All lines below starting at the one that holds "L★古着 ラルフローレン チャップス" and ending at the one that holds "Pupils awarded 1st" should be printed exactly, ends included. Pictures should not be printed, nor anything else.

[Information provided — start]

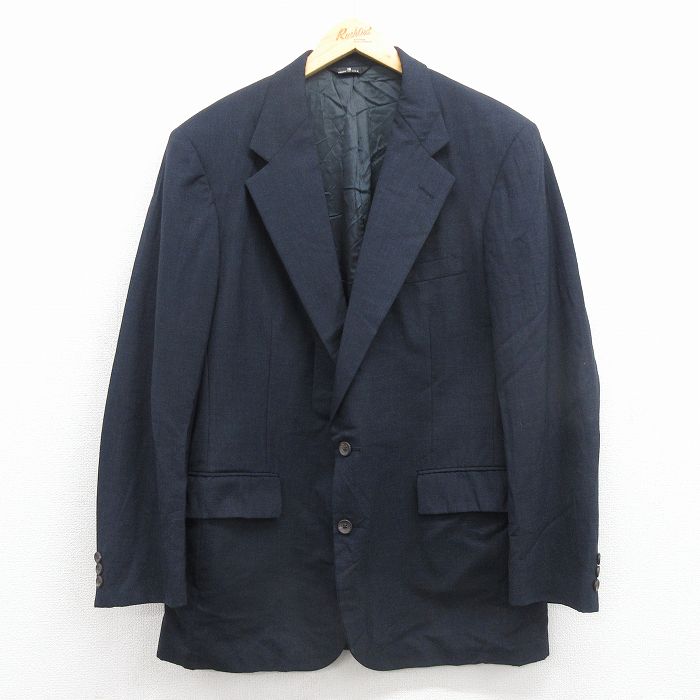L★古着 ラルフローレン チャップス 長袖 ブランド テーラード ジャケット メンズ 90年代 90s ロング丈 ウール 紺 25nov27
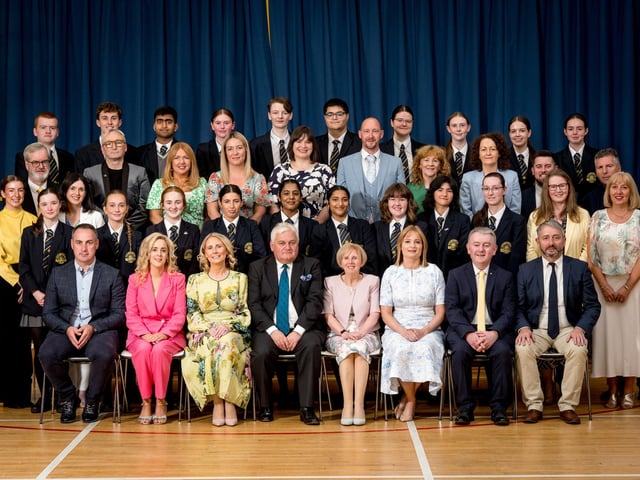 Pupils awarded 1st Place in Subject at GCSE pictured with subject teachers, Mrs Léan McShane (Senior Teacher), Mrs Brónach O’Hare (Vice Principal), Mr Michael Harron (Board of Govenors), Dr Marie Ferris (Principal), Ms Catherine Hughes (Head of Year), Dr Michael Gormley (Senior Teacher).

[Information provided — finish]
[Information provided — start]

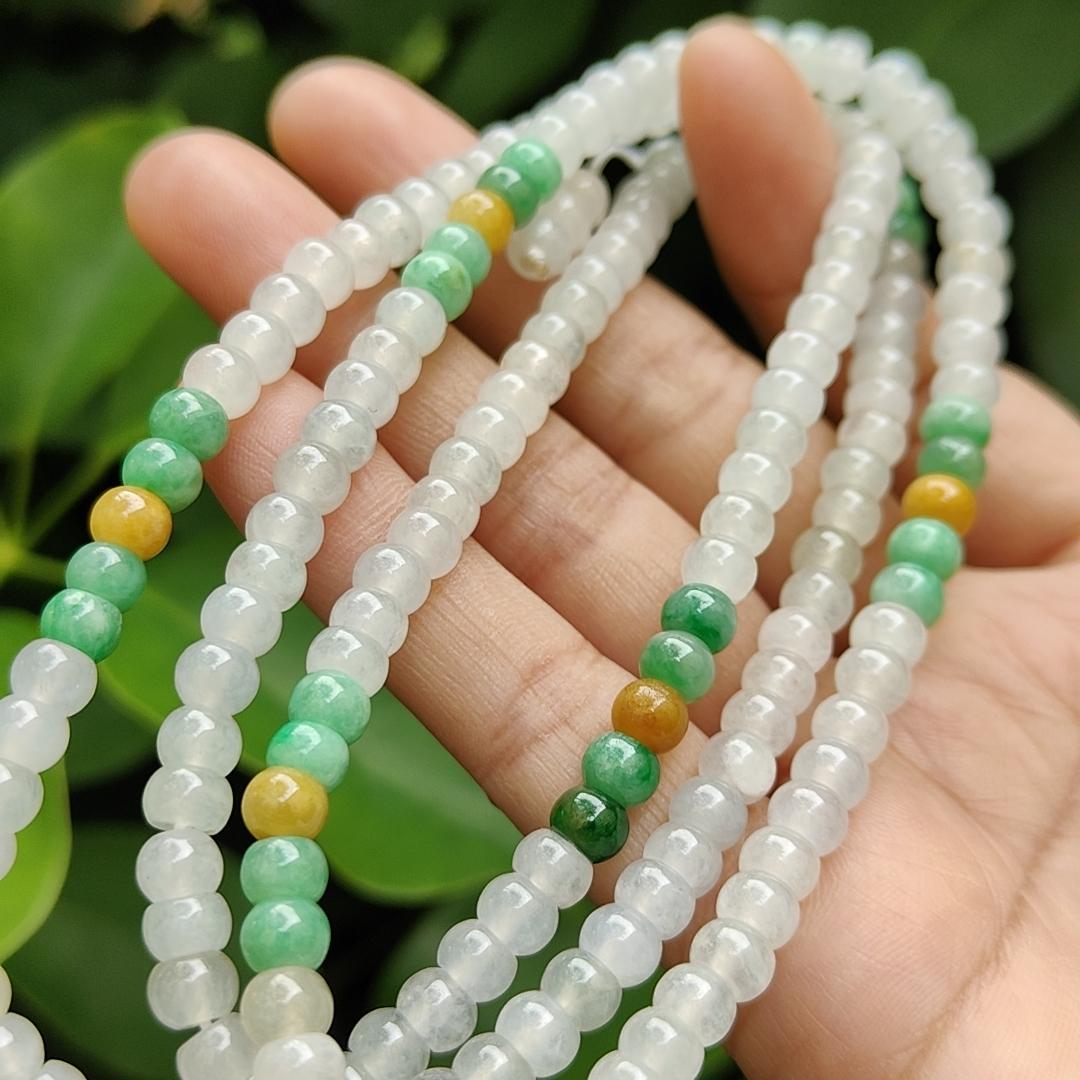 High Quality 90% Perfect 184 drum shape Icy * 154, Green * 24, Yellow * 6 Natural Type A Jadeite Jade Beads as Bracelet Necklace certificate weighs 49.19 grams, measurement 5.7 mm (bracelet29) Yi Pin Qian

[Information provided — finish]

__Problem solution__
L★古着 ラルフローレン チャップス 長袖 ブランド テーラード ジャケット メンズ 90年代 90s ロング丈 ウール 紺 25nov27
 Pupils awarded 1st Place in Subject at GCSE pictured with subject teachers, Mrs Léan McShane (Senior Teacher), Mrs Brónach O’Hare (Vice Principal), Mr Michael Harron (Board of Govenors), Dr Marie Ferris (Principal), Ms Catherine Hughes (Head of Year), Dr Michael Gormley (Senior Teacher).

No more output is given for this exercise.